Ainsi s’exprime Mathilde Collignon divorcée, mère de 2 filles Constance et Julie, médecin gynécologue reconnue et pourtant surnommée « la barbare » dans une cour d’Assises, en ce 25 juin 2020. Incarcérée depuis plus de 3 ans, elle attendait son procès qui s’achève au moment où le roman s’ouvre. Les débats sont terminés, l’heure des délibérations a sonné et avec elle, des questions auxquelles il faudra répondre : Mathilde est-elle coupable d’actes de torture et de barbarie ? Est-elle coupable de violences volontaires ? À quelle peine faut-il la condamner ? Le lecteur navigue entre secrets d’alcôve émanant de la chambre des délibérations et la cellule de Mathilde en attente du verdict qui couche sur le papier ses émotions, ses regrets, son témoignage, elle qui n’a pas eu la sensation d’avoir été entendue.
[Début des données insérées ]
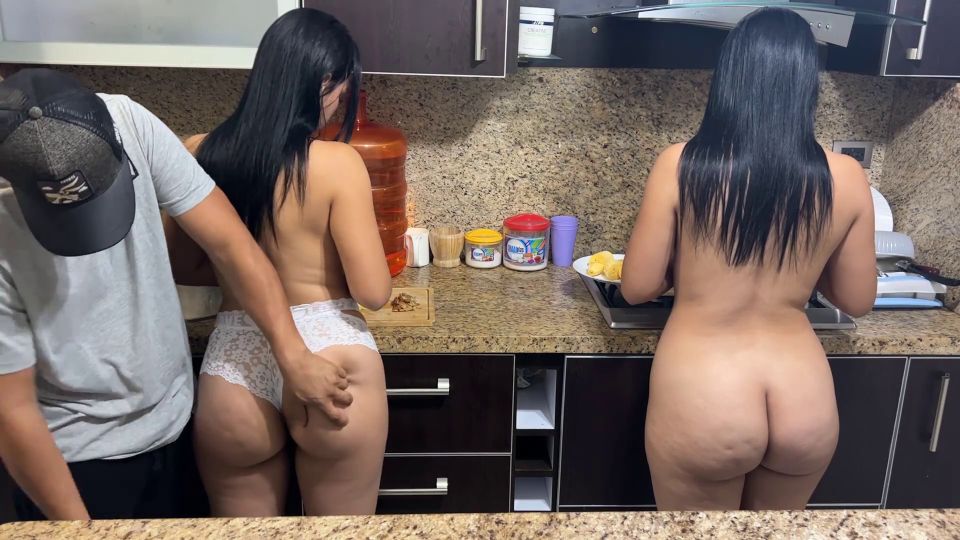 6271 Mi Milf y mi madura son los mismos y a ambos les gusta...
Mathieu Menegaux choisit de nous raconter deux histoires en parallèle : la vérité de Mathilde et un débat à huis clos entre les jurés. Dans les deux cas, le lecteur écoute aux portes de l’intime et se retrouve avec effarement devant un choix : la raison ou l’émotion, la compassion ou l’insensibilité, le dilemme entre la tentation de l’esprit vengeur et/ou de l’esprit oppresseur. «Alors, que choisirez-vous? Serez-vous des justiciers? Ou serez-vous justes?» Cet effarement ne s’arrête pas à ce choix, il est aussi provoqué par la teneur des propos des hommes et des femmes qui s’affrontent à coup d’arguments et de contre-arguments, les enjeux auxquels est confronté le système judiciaire, l’éternelle inégalité des sexes, les luttes de pouvoir intestines et la vox populi, ce peuple qui a déjà jugé l’affaire sur la place publique des réseaux sociaux. «Mathilde Collignon est plus qu’une accusée, elle est devenue le révélateur de l’état de la société post #MeToo.»
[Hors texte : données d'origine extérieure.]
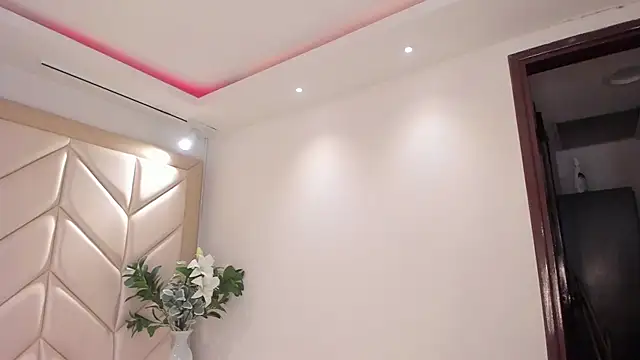 LunaWarner online show from April 1, 12:11 am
Mathilde est une femme de son temps : libre, indépendante, maîtresse de ses décisions et de ses choix. Dans l’attente du verdict, isolée, elle revient sur les faits. Pour elle, pour ses filles, pour les femmes du monde entier. «Je n’ai jamais écrit, mais je voudrais que ma voix demeure.» Cette parole, tantôt hurlement, tantôt épanchement se doit d’être écoutée pas seulement entendue, car si Mathilde a commis un acte grave, il est essentiel que ce qu’elle a subi soit dévoilé. Mathilde revendique son statut de femme et son droit à disposer de son corps comme elle l’entend et c’est précisément cela qui lui est reproché : elle a donné le bâton pour se faire battre en refusant une vie bien tranquille de mère célibataire dans laquelle les hommes n’auraient qu’une place de « jouet ». Les enfants et un travail prenant devraient suffire à son épanouissement personnel, il n’y a pas de temps pour autre chose, encore moins pour le sexe. «Pourtant c’est clair : avouer aimer le sexe, pour une femme, en 2020, malgré tous les Weinstein, les Polanski et les #MeToo du monde, c’est toujours s’exposer à être considérée comme une putain, une traînée, une salope, une allumeuse et toute la litanie de qualificatifs imagés écrits par les hommes. (…) Mais aimer le sexe, le revendiquer, s’envoyer en l’air avec un parfait inconnu, juste parce qu’il est attirant, ou avec un type qu’on connaît, juste parce qu’on en a envie là tout de suite, pas question de le crier sur les toits.» Devant un tel comportement amoral, la société des « hommes » ne peut que concéder qu’elle a bien cherché ce qui lui est arrivé. 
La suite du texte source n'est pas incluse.